Old Dominion Freight Keeps On Truckin’ Its Way Ahead

OLD DOMINION FREIGHT LINEAs a 10-year-old, David Congdon accompanied his dad to meet with truck drivers. His father, who ran Old Dominion Freight Lines, told his employees that the more the company succeeds, the more they can earn.

Congdon, 56, now conveys the same message to his workforce of about 14,000 full- and part-timers. He’s president and chief executive of Old Dominion Freight Lines (ODFL), a transportation firm founded by his grandparents in 1934.

“My dad is 81 and our executive chairman,” Congdon said. “He tells me, ‘The thing you brought to the business is a participatory style of management.’ He sees how I listen to employees and reach consensus rather than shove things down their throat.”


After earning his college degree in Business Administration, Congdon studied the burgeoning quality movement. He read books by Philip Crosby, W. Edwards Deming, Joseph Juran and Tom Peters, plucking ideas from these legendary management thinkers.

When Old Dominion sought to adopt quality management processes in 1993, Congdon led the effort. Four years later, he was promoted to president of the Thomasville, N.C.-based company.

The 1/10/100 Rule

Congdon still applies many quality management principles he learned 30 years ago. For example, he cites the 1/10/100 rule as a key to doing every task correctly the first time.

“If you prevent a defect, that’s a cost of one,” Congdon explained. “If an employee makes an error and another employee discovers it, that’s a cost of 10. But if the error isn’t discovered until an external customer sees it, that’s a cost of 100. You need everybody to do the right things right.”

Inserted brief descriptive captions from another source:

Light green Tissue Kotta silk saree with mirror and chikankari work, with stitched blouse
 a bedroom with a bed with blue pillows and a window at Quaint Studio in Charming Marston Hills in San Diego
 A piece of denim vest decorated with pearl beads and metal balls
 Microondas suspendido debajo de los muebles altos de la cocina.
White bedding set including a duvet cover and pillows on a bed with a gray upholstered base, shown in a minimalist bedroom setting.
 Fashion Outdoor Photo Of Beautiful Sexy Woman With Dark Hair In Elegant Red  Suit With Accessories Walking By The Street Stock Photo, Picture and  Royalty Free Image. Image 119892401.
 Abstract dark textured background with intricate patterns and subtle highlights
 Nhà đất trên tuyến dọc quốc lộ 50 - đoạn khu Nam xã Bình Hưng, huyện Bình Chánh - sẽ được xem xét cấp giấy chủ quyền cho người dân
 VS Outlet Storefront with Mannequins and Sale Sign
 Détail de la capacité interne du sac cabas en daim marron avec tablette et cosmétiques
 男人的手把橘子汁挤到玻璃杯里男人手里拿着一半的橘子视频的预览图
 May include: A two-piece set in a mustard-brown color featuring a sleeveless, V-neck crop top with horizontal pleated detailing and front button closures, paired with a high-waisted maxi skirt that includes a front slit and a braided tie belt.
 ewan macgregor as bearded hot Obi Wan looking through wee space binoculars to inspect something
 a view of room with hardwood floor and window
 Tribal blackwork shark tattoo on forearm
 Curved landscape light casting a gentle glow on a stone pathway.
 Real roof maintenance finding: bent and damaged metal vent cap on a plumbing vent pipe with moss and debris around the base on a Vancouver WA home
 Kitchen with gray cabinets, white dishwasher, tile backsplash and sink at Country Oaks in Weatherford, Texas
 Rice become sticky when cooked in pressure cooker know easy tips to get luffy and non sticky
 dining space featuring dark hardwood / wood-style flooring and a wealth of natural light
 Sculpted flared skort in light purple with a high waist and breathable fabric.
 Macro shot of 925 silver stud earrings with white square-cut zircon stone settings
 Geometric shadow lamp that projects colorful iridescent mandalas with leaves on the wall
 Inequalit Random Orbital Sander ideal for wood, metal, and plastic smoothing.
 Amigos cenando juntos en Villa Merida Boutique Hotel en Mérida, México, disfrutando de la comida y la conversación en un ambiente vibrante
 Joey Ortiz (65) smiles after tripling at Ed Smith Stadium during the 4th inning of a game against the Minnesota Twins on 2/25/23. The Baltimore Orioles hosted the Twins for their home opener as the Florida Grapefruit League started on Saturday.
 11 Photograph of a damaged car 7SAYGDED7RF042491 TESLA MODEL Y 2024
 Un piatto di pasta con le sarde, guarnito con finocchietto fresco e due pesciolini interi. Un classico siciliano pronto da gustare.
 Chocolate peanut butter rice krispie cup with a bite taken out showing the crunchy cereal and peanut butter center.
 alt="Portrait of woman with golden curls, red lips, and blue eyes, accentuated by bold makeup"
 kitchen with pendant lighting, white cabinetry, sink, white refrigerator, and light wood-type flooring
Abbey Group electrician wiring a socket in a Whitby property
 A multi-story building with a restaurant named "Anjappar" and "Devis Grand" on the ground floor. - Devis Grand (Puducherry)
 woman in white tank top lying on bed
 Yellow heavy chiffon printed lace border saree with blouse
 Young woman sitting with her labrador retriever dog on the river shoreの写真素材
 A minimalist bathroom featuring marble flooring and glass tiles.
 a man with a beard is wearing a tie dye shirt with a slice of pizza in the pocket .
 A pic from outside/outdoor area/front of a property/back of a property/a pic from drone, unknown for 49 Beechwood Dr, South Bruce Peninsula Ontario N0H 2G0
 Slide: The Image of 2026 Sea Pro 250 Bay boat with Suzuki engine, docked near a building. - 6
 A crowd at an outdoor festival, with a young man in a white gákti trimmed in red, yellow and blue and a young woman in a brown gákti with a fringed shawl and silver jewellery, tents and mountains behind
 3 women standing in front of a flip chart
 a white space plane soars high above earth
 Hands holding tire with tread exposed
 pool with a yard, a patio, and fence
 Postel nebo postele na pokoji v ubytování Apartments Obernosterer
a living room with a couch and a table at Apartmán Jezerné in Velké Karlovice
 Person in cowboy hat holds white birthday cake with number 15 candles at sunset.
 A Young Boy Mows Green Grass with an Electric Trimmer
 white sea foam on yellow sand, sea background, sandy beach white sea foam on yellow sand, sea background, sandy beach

When Congdon became Old Dominion’s president in 1997, he met with his 18 senior managers to engage in strategic planning. Before the weeklong meeting, he asked each of them to ponder four questions: Where did we come from?; What drove our success?; Where are we today in the marketplace?; and Where do we see ourselves in the future?

The process proved so fruitful that Congdon has continued to hold annual strategic planning sessions. While the leadership team’s size has grown from 18 to 28, he says that many of the executives who participated in 1997 remain with the company today.

Nine Seamless Acquisitions

Over the last 15 years, Old Dominion has grown from a regional to a national firm. It had 75 service centers across the U.S. in 1997; today, it operates 219.

“In 1997, the paradigm was, ‘You can’t do short-haul and long-haul under one company,'” Congdon said. “We broke that paradigm. We now offer regional, inter-regional and national services.”

The company has acquired nine small freight carriers since 1997. In each case, Congdon’s team converted the acquired firm’s information systems over a weekend to create a seamless integration.